2 pounds eye-round roast

Kosher salt and freshly ground black pepper 

1/2 cup vegetable oil 

1 bottle merlot 

9 carrots, diced

9 ribs celery, diced 

3 red onions, diced 

4 quarts crushed tomatoes 

4 quarts chicken stock 

1/4 cup dried oregano 

3 bay leaves 

3 porcini mushrooms (hongos de pino), diced

Sugar 

4 Buns, recipe follows

1 avocado, sliced

Fried Onions, for serving, recipe follows

Buns:

10 1/2 pounds high-gluten flour

1/4 cup salt 

1/4 cup sugar 

3 ounces active dry yeast 

3 pounds milk 

4 1/2 pounds water 

Fried Onions:

2 red onions, chopped

Kosher salt and freshly ground black pepper

All-purpose flour, for dusting

Vegetable oil, for deep-frying

Directions

  1. Sprinkle the roast with salt and pepper, and sear on all sides in the oil in a large pot. Remove to a plate. Deglaze the pot with the merlot. Add the carrots, celery, onions, tomatoes, chicken stock, oregano, bay leaves and porcinis. Return the roast to the pot. Bring to a simmer and cook for 3 1/2 hours.
  2. Transfer the liquid from the pot to a blender; blend to make the sauce. Season with salt, pepper and sugar.
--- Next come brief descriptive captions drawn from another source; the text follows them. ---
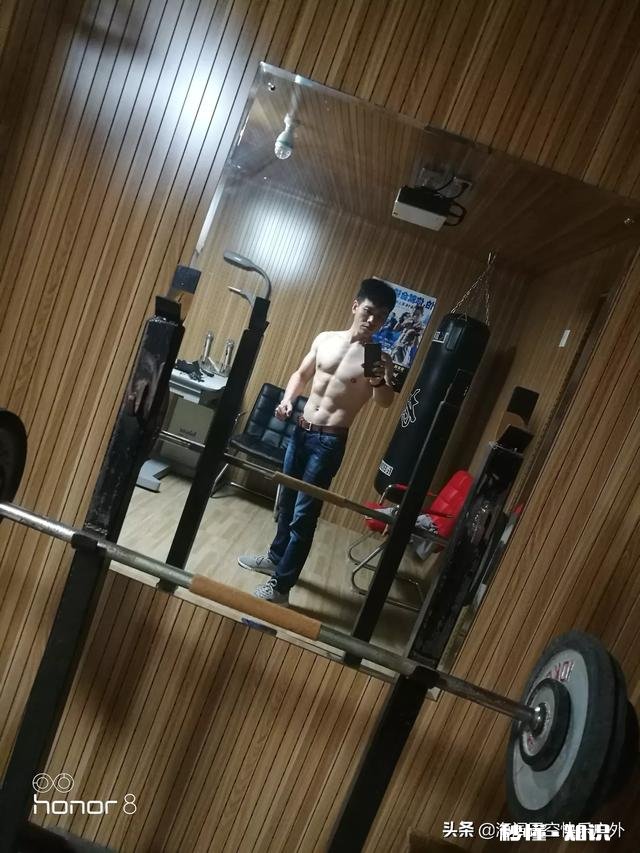 怎样才算有马甲线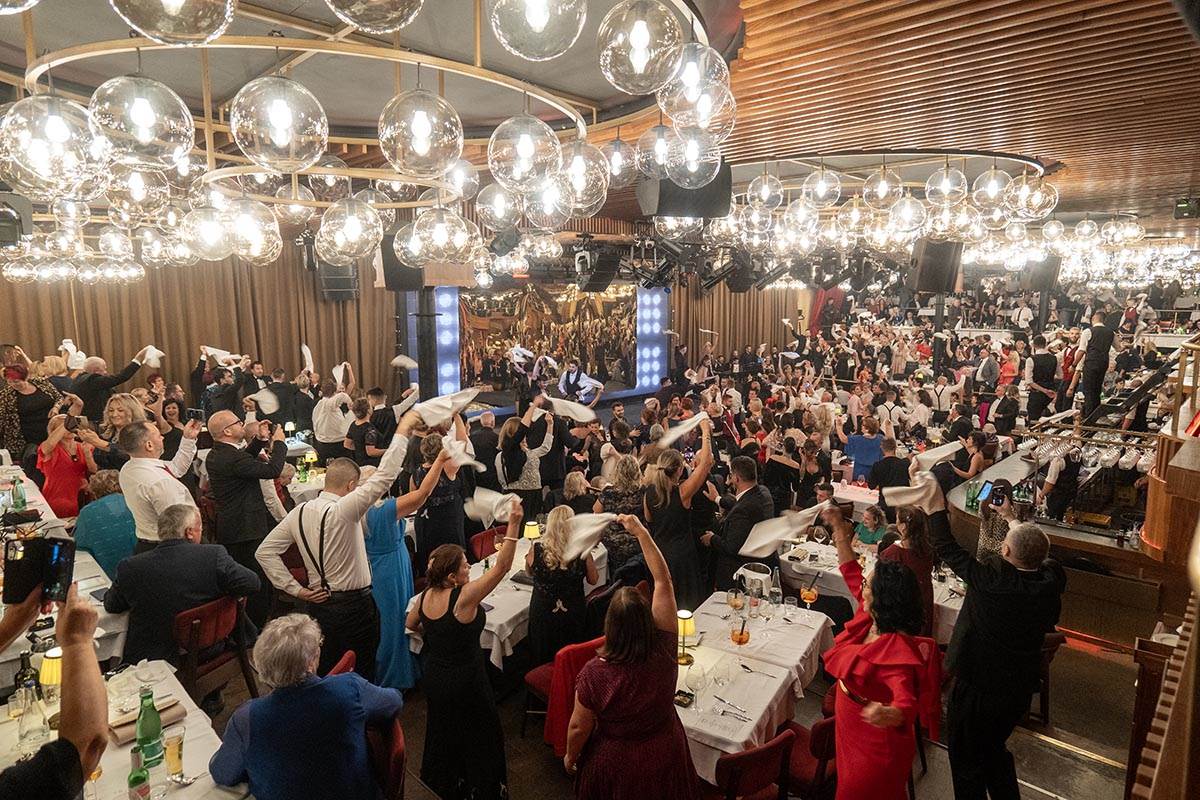 20. Gala proslava Lafayette copy.jpg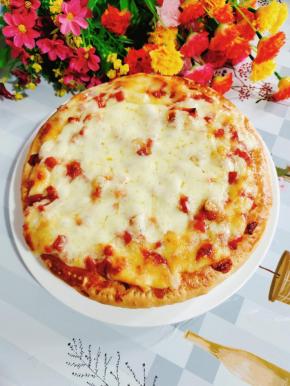 烤好的披萨真的满屋飘香！太诱人了！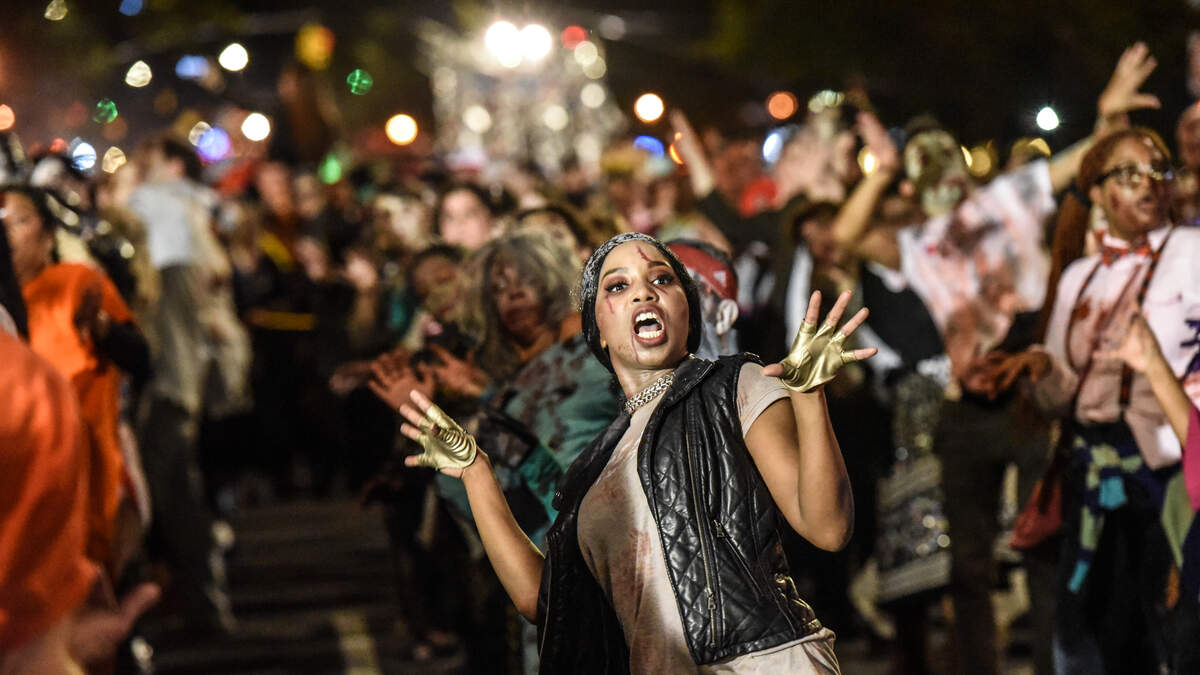 Introducing, the Fairfield Mombies With a "Thriller" Dance Lone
Return the sauce to the pot and keep warm.
  3. Slice the roast and add it to the sauce to warm up.
  4. To build the sandwich: Put 3 slices of beef on a Bun. Top with some avocado slices and Fried Onions.

Buns:

Yield: 65 buns
  1. Mix the flour, salt, sugar, yeast, milk and water with an electric mixer for 5 minutes. Let rest for 45 minutes.
  2. Portion the dough into 4.5-ounce pieces and roll into balls. Let rest for another 45 minutes.
  3. Bake at 400 degrees F for 9 minutes.

Fried Onions:

  1. Fill a heavy put with 2 inches of oil and heat to 350 degrees F.
  2. Season the red onions with salt and pepper, then toss in flour to coat. Fry the onions until crispy, about 5 minutes. Drain on paper towels.